He recently completed his 6th muti-day hiking and camping trip in the Grand Canyon with his brother, a buddy, and uncle. No wives signed on. 45-lb packs. I suggested that it might be time to try a new place, and he said they would, having done all the basic GC trails including the worst one which scared the crap out of him. Maybe the Indian Trail. Like me, he is acrophobic but does it anyway. (Lots of people hate heights, so it's really normal. Even when I am snorkeling somewhere, and there is a steep drop-off on a ledge or reef, it gives me the creeps but I generally conceal my fears as much as I can.

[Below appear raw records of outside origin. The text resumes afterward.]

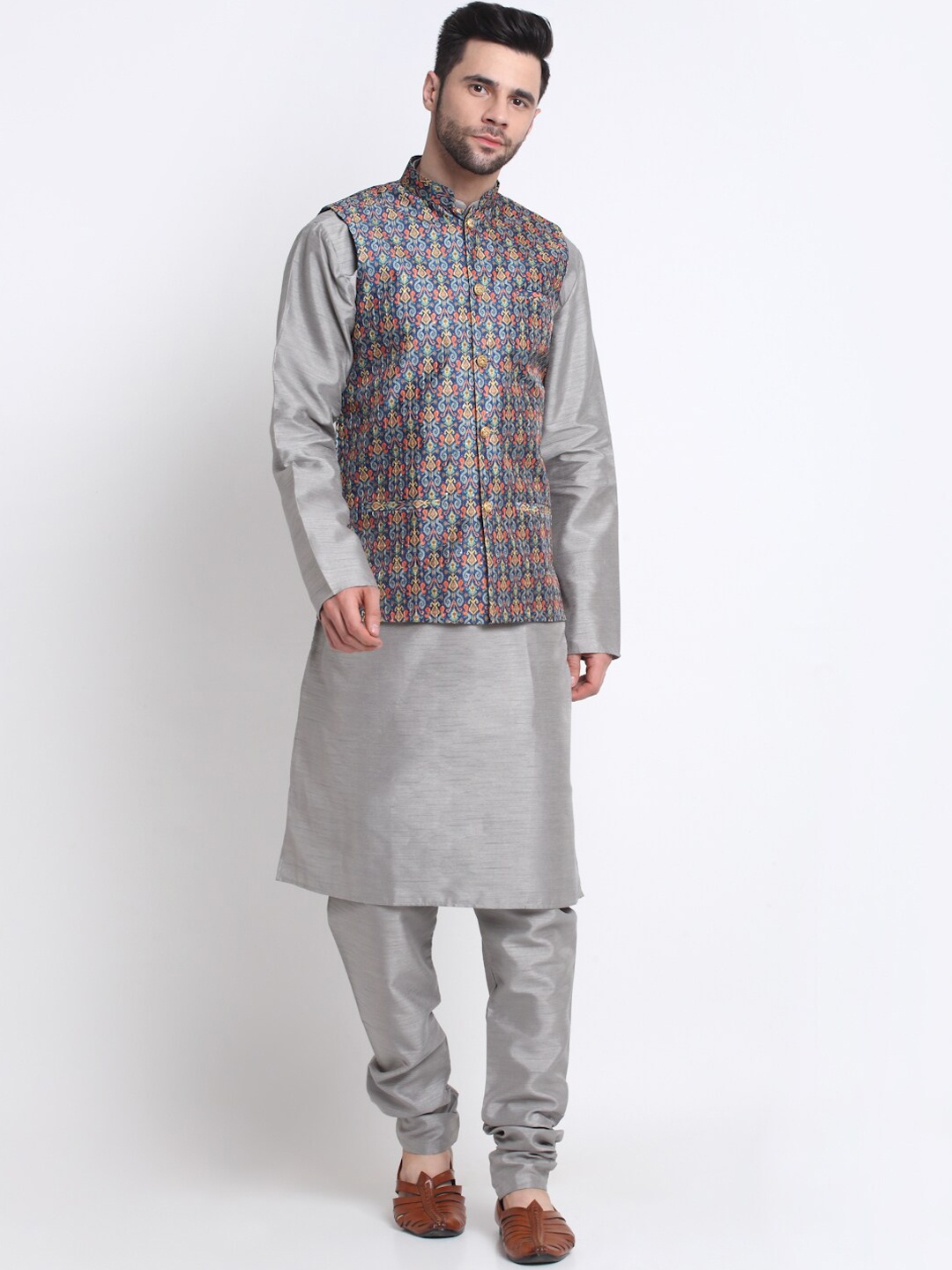 

KRAFT INDIA Mandarin Collar Kurta with Churidar & Nehru Jacket, Grey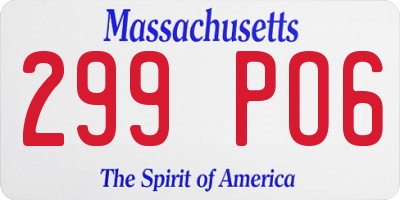 MA license plate 299PO6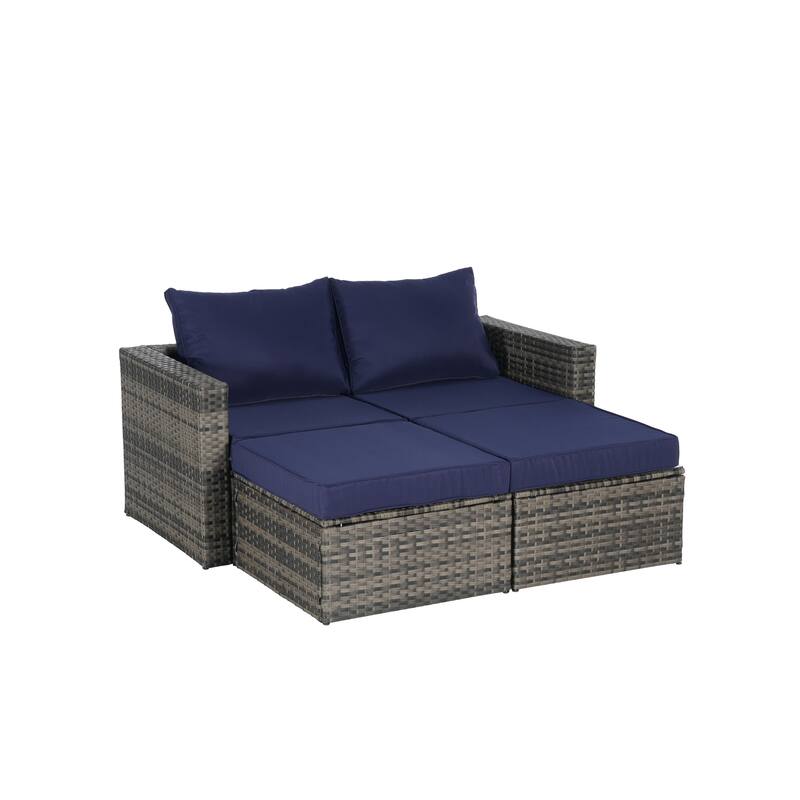 8-Piece Outdoor Patio Rattan Modular Sectional Sofa Set with Tempered Glass Coffee Table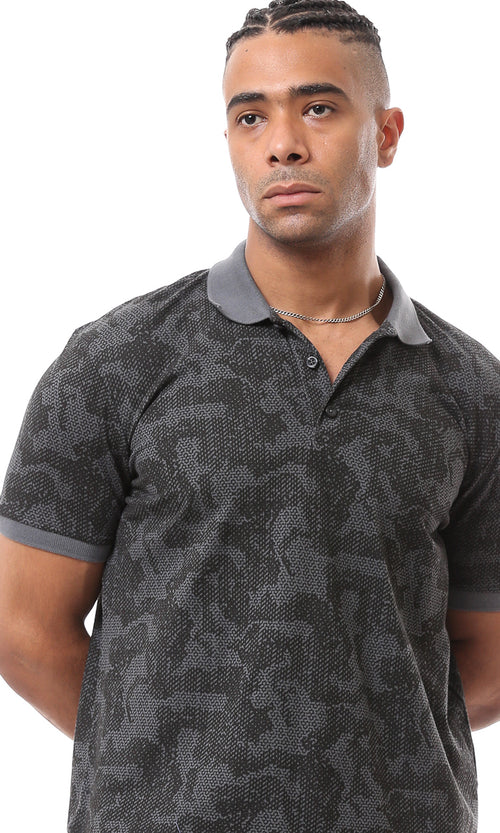 O165180 Classic Collar Dark Grey Patterned Polo Shirt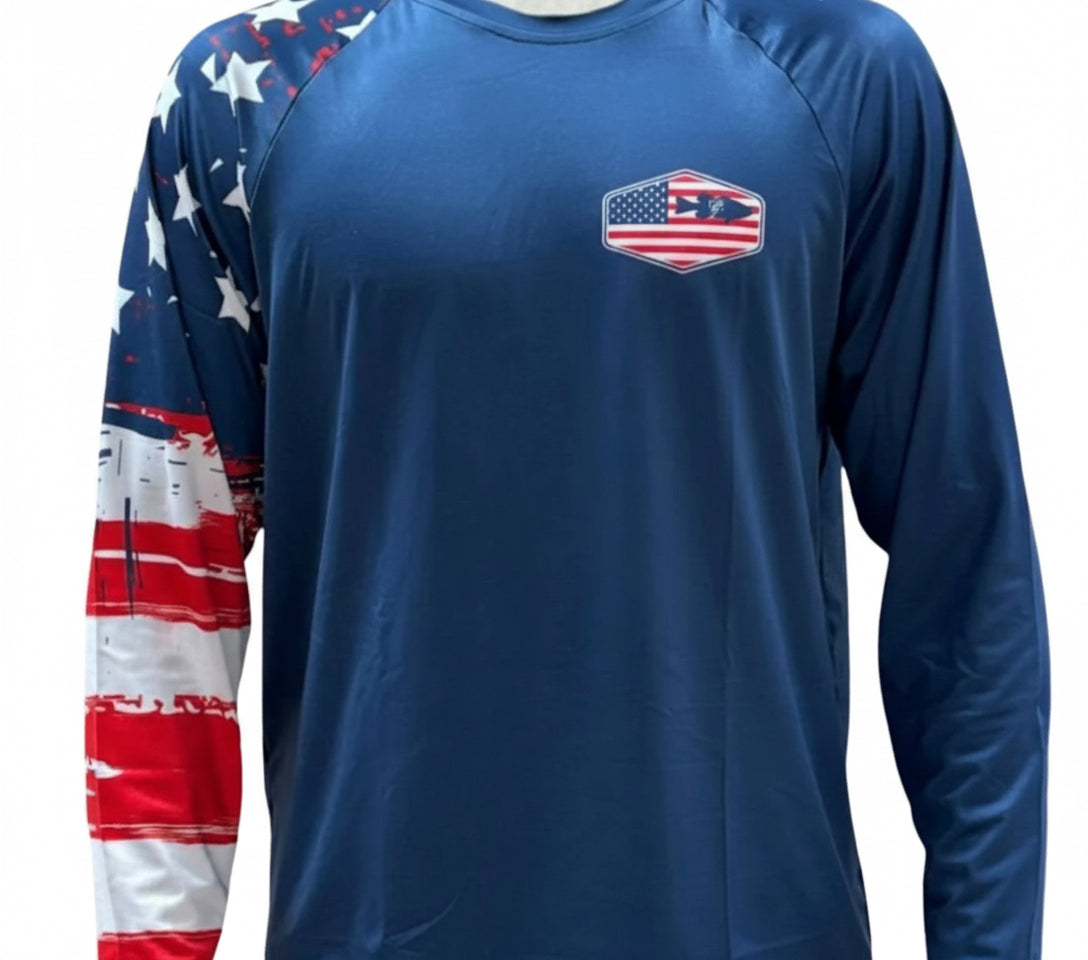 Youth Twitch Twitch Pause Fishing Shirts- Navy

It's a guy thing.)
Isn't facing down your fears the thing that builds the "can-do" in a person, whether male, female, or gender-confused? One of my greatest fears is walking into a dental office, but I take the valium he gives me, then man-up and walk in with a flirt with the sweet gals and a fresh joke ready - ready to act cool...like a mass-murderer to the execution room.
On "I suggested that it might be time to try a new place" and the need for "facing down your fears" especially for the acrophobic (like me)...
If not already done, I suggest the Angels Landing Trail at Zion National Park. It's just a day hike. Mrs. TSP and I did it once. It was exhilarating, and we are glad we did it, but neither of us feels the need to do it again.